--- PROBLEM DESCRIPTION ---
The entries below contain a stretch that opens with the line containing "Mitsubishi Outlander - Zdjęcie 14" and closes with the line containing "Early-Access Chichén Itzá"; set down that stretch exactly, both ends included, and nothing else.

--- DATA SUPPLIED ---
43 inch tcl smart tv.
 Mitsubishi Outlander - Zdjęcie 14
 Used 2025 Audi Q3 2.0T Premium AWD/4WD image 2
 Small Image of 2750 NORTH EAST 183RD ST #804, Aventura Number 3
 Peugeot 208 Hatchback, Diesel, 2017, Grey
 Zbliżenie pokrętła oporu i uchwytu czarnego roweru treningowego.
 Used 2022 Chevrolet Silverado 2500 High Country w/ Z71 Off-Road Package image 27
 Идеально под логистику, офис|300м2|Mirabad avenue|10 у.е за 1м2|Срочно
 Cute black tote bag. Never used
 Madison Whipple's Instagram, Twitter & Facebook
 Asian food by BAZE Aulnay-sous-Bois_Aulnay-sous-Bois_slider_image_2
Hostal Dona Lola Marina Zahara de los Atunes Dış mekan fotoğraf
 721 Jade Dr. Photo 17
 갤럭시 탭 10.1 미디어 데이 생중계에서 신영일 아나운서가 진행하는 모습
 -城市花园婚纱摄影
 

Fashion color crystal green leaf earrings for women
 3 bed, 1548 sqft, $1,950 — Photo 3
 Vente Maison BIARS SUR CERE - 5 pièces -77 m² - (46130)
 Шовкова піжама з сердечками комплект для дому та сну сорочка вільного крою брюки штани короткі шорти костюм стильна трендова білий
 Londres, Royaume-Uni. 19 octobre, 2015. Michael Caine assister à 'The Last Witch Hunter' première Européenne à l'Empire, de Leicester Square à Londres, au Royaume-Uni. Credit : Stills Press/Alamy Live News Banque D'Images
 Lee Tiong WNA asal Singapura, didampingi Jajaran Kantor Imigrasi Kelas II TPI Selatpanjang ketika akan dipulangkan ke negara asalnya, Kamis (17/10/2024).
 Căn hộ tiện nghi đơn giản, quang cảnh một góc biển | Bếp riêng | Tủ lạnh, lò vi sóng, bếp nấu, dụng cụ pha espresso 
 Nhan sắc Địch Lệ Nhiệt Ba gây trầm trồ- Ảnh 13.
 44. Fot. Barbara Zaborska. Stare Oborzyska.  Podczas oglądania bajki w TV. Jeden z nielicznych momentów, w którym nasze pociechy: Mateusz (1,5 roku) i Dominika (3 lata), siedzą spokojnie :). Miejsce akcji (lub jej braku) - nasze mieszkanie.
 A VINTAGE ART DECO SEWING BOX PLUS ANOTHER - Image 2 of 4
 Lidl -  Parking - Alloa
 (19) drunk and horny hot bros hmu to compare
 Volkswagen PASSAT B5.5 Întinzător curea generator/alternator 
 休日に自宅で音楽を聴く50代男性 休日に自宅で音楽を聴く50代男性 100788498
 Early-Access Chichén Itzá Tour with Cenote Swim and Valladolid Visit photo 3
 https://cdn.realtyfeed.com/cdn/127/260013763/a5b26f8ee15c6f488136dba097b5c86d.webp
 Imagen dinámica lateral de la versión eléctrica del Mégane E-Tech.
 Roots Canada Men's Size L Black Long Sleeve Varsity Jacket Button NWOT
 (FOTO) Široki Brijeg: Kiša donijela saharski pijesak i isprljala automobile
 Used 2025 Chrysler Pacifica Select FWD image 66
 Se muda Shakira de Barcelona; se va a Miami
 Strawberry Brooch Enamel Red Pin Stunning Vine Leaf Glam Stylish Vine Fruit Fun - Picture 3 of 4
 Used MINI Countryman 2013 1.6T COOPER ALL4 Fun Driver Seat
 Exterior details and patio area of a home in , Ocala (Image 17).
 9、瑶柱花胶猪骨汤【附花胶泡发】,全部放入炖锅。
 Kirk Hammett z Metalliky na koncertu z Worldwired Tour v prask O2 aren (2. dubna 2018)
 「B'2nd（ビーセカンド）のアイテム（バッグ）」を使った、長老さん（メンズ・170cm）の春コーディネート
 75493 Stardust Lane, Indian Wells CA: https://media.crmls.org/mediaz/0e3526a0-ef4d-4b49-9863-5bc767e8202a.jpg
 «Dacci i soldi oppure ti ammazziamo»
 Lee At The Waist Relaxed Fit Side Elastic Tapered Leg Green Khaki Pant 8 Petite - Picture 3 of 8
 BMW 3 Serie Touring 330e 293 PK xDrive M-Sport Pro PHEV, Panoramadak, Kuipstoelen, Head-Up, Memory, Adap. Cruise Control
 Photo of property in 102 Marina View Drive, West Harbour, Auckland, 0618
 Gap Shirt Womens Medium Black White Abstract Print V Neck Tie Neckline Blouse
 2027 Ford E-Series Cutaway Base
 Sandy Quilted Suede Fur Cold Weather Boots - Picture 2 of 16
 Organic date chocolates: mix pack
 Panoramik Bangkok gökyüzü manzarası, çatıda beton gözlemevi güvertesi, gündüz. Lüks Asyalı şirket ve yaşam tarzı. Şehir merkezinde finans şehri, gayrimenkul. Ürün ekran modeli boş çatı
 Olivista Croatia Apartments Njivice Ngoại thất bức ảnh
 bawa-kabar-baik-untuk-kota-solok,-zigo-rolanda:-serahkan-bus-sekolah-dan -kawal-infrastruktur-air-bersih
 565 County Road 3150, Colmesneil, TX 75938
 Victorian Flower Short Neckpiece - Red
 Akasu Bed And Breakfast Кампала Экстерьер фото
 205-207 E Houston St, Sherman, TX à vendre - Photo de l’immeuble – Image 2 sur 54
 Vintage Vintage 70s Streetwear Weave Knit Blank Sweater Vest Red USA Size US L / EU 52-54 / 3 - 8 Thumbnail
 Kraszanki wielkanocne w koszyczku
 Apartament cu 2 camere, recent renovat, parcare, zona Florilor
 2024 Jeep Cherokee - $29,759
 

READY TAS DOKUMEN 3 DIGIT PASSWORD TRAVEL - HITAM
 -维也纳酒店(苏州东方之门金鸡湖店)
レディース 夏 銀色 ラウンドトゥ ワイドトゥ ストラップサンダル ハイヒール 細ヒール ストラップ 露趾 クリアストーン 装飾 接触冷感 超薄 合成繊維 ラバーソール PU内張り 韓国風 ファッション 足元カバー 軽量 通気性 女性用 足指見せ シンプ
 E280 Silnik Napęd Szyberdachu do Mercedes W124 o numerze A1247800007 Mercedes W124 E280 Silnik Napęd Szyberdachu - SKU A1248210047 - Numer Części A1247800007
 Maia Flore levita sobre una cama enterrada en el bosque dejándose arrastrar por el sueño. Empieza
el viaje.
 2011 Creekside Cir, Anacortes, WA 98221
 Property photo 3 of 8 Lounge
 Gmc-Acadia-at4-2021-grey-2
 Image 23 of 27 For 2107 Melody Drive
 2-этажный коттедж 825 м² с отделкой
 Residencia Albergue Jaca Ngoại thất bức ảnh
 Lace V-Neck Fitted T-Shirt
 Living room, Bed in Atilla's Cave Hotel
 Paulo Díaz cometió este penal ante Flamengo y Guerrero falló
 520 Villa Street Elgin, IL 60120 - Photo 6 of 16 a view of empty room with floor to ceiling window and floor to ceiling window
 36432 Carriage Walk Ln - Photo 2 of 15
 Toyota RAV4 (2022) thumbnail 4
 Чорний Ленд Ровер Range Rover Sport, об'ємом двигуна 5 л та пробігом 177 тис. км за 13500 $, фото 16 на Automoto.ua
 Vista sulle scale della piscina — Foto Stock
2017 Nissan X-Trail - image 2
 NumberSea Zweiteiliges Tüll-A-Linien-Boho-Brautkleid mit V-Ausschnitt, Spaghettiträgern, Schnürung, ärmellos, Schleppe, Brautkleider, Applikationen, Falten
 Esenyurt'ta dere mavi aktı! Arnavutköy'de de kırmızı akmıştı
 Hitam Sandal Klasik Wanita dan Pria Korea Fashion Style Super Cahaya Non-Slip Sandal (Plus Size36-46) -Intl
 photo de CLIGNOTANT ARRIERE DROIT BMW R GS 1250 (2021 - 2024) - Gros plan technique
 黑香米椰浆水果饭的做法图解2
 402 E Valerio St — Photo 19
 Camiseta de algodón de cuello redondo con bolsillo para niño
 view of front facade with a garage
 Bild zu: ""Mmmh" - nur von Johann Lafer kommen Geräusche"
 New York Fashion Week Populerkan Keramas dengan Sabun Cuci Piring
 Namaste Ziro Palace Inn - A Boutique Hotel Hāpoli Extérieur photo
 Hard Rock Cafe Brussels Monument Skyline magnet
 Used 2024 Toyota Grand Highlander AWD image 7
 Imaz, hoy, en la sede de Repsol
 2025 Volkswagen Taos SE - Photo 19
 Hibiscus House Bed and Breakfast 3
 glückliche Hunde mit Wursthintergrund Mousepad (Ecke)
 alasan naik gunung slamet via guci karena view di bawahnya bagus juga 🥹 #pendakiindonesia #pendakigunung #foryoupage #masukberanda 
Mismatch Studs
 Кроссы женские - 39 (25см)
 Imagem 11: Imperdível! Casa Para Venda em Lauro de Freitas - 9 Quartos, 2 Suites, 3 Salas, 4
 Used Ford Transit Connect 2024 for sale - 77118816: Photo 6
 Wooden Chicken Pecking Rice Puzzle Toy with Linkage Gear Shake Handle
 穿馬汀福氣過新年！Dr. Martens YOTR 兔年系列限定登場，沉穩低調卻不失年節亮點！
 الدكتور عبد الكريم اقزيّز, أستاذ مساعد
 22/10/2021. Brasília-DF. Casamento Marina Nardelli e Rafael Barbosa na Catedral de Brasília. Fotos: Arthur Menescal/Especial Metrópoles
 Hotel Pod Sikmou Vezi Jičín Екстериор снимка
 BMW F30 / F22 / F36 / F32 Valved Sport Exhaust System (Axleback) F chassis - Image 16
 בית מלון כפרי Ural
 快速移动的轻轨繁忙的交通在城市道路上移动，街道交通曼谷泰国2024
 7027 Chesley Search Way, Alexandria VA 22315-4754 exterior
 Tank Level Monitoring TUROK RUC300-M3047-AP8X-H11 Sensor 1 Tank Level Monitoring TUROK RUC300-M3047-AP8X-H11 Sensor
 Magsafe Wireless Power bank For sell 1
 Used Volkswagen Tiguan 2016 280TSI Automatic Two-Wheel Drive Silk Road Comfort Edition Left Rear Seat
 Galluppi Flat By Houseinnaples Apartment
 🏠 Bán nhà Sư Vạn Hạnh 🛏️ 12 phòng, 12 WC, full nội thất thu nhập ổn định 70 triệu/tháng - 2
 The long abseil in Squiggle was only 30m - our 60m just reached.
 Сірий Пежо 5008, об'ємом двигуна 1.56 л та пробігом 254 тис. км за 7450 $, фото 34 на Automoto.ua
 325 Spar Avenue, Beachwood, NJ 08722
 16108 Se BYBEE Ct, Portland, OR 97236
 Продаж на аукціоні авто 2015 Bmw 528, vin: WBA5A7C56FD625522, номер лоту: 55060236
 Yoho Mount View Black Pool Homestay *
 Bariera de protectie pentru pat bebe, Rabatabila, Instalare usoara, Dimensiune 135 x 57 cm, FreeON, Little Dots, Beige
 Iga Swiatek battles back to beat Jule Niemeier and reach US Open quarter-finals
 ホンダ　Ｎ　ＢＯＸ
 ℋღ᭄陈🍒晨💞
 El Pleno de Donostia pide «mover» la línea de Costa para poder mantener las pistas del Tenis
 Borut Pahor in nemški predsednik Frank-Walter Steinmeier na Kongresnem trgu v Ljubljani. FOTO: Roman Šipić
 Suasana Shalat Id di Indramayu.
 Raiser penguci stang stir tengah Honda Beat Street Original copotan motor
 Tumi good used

--- SOLVED PROBLEM ---
 Mitsubishi Outlander - Zdjęcie 14
 Used 2025 Audi Q3 2.0T Premium AWD/4WD image 2
 Small Image of 2750 NORTH EAST 183RD ST #804, Aventura Number 3
 Peugeot 208 Hatchback, Diesel, 2017, Grey
 Zbliżenie pokrętła oporu i uchwytu czarnego roweru treningowego.
 Used 2022 Chevrolet Silverado 2500 High Country w/ Z71 Off-Road Package image 27
 Идеально под логистику, офис|300м2|Mirabad avenue|10 у.е за 1м2|Срочно
 Cute black tote bag. Never used
 Madison Whipple's Instagram, Twitter & Facebook
 Asian food by BAZE Aulnay-sous-Bois_Aulnay-sous-Bois_slider_image_2
Hostal Dona Lola Marina Zahara de los Atunes Dış mekan fotoğraf
 721 Jade Dr. Photo 17
 갤럭시 탭 10.1 미디어 데이 생중계에서 신영일 아나운서가 진행하는 모습
 -城市花园婚纱摄影
 

Fashion color crystal green leaf earrings for women
 3 bed, 1548 sqft, $1,950 — Photo 3
 Vente Maison BIARS SUR CERE - 5 pièces -77 m² - (46130)
 Шовкова піжама з сердечками комплект для дому та сну сорочка вільного крою брюки штани короткі шорти костюм стильна трендова білий
 Londres, Royaume-Uni. 19 octobre, 2015. Michael Caine assister à 'The Last Witch Hunter' première Européenne à l'Empire, de Leicester Square à Londres, au Royaume-Uni. Credit : Stills Press/Alamy Live News Banque D'Images
 Lee Tiong WNA asal Singapura, didampingi Jajaran Kantor Imigrasi Kelas II TPI Selatpanjang ketika akan dipulangkan ke negara asalnya, Kamis (17/10/2024).
 Căn hộ tiện nghi đơn giản, quang cảnh một góc biển | Bếp riêng | Tủ lạnh, lò vi sóng, bếp nấu, dụng cụ pha espresso 
 Nhan sắc Địch Lệ Nhiệt Ba gây trầm trồ- Ảnh 13.
 44. Fot. Barbara Zaborska. Stare Oborzyska.  Podczas oglądania bajki w TV. Jeden z nielicznych momentów, w którym nasze pociechy: Mateusz (1,5 roku) i Dominika (3 lata), siedzą spokojnie :). Miejsce akcji (lub jej braku) - nasze mieszkanie.
 A VINTAGE ART DECO SEWING BOX PLUS ANOTHER - Image 2 of 4
 Lidl -  Parking - Alloa
 (19) drunk and horny hot bros hmu to compare
 Volkswagen PASSAT B5.5 Întinzător curea generator/alternator 
 休日に自宅で音楽を聴く50代男性 休日に自宅で音楽を聴く50代男性 100788498
 Early-Access Chichén Itzá Tour with Cenote Swim and Valladolid Visit photo 3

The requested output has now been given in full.